== Material provided ==

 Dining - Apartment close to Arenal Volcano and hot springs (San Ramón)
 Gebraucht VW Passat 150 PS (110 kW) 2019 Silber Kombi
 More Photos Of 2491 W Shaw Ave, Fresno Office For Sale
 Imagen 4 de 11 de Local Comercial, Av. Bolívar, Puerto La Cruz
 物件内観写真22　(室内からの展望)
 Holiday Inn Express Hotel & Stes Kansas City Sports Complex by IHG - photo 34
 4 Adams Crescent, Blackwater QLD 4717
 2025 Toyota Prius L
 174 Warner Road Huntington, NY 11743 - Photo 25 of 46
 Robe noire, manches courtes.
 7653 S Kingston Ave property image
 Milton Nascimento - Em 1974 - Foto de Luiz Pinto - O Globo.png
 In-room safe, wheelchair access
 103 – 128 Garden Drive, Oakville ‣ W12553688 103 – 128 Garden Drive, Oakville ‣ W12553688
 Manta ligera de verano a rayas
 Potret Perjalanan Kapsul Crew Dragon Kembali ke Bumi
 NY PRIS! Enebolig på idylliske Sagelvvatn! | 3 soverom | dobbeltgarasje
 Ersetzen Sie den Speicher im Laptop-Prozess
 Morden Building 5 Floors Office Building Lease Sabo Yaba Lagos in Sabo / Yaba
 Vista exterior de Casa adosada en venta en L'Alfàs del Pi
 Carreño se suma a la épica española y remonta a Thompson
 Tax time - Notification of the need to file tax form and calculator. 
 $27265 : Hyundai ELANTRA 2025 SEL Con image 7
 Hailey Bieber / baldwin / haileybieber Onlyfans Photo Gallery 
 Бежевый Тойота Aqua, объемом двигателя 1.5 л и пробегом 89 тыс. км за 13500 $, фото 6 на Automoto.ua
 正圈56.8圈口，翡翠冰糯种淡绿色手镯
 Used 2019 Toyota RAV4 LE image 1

== Task item ==
When the word "Toyota" appears in a line of the listing, copy that line.

== Answer to the exercise ==
 2025 Toyota Prius L
 Used 2019 Toyota RAV4 LE image 1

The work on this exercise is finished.